Collateral damage

Julian Assange is a hero; Julian Assange is a criminal. Those are the two schools of thought about the anarchist (we can all agree on that) who through WikiLeaks has released thousands upon thousands of documents from multiple sources. He claims all he wants is justice but what he’s done is illegal.

I’m not one of those angst-ridden writers who sees conspiracies at every turn and claims Assange is all about free speech. The video showing the Eighth Cavalry aboard an Apache helicopter killing unarmed civilians and a journalist in Baghdad is one thing, but the most recent avalanche of not-so-scintillating views by second-string foreign-service officers is little more than an embarrassment.

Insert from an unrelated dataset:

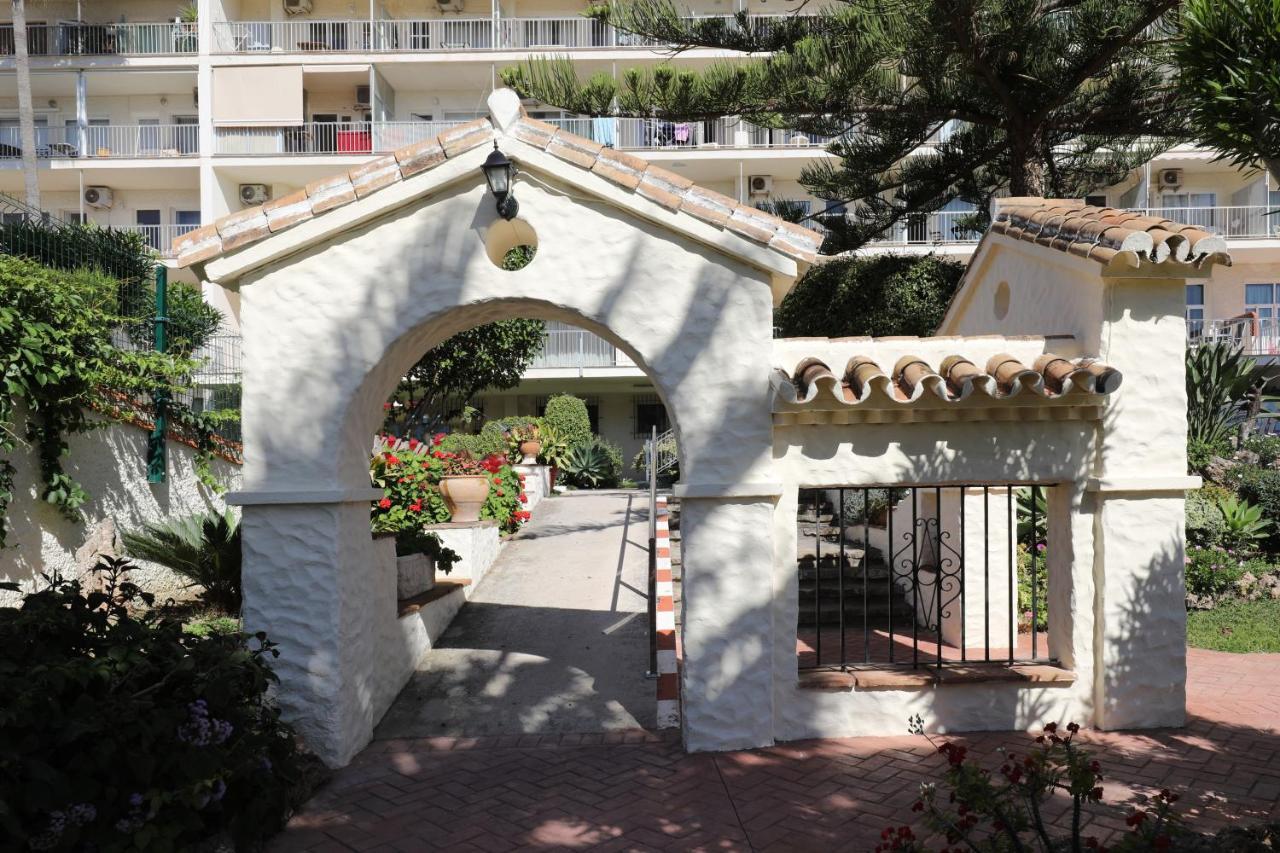 071 - Beachside Studio Perfect For A Family Getaway Apartment Torremolinos Exterior foto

Some of the leaders quoted, such as King Abdullah of Jordan, sound no better. “Thank God for bringing Obama to the presidency,” says his excellency, then changes his mind and proceeds to call the president “camel poo-poo.”

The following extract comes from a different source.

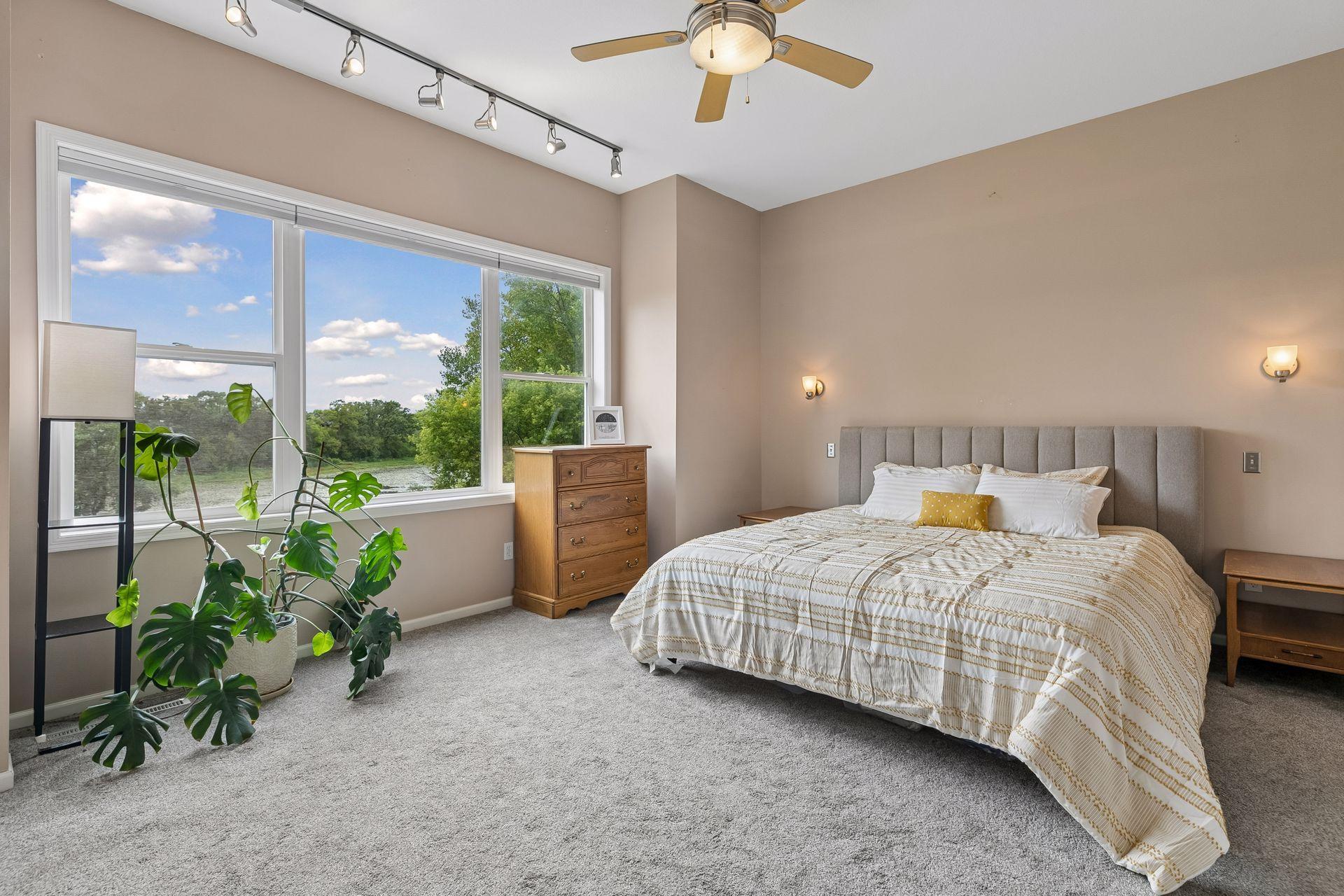 View of Residential at 9820 Cove Drive, Minnetonka MN 55305, Minnetonka (14 of 33) - Mike Wilen | Minnesota Team Real Estate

Assange started out life in Australia as a hacker, worming his way into supposedly secure computers to leave behind taunting messages. All these years later, he hasn’t become any more useful to society. Releasing details about companies that make critical components for missiles just delivers new target information to terrorists.

One of the civilizing aspects of living in a democracy is consenting to keep some matters secret for a variety of agreed-upon reasons. Assange doesn’t belong, never did, and should be halted in his hacker tracks.